[Stored items]

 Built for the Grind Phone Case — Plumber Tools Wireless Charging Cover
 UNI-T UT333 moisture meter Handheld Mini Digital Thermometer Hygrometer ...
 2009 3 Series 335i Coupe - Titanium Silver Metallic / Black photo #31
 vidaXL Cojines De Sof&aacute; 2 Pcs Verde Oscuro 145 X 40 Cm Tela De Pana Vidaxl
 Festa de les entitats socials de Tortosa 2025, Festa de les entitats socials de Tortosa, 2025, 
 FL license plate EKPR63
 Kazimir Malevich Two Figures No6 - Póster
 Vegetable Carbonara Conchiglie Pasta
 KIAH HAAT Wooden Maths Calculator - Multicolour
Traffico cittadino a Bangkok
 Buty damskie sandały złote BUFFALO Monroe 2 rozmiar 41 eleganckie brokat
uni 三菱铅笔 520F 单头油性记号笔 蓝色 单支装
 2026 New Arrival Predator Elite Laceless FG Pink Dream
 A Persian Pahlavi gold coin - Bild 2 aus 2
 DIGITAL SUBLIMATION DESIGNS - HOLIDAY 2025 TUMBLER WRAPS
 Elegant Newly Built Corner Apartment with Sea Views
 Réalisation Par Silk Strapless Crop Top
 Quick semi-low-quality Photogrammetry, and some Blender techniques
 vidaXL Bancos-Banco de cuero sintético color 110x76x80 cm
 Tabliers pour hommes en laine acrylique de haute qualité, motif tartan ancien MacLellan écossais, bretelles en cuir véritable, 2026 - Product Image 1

WHAT NEEDS TO BE DONE:
What are the lines from the one with "Elegant Newly Built" through the end of the records above? Set them down exactly, both ends included, and nothing else.

RESPONSE TO THE EXERCISE:
 Elegant Newly Built Corner Apartment with Sea Views
 Réalisation Par Silk Strapless Crop Top
 Quick semi-low-quality Photogrammetry, and some Blender techniques
 vidaXL Bancos-Banco de cuero sintético color 110x76x80 cm
 Tabliers pour hommes en laine acrylique de haute qualité, motif tartan ancien MacLellan écossais, bretelles en cuir véritable, 2026 - Product Image 1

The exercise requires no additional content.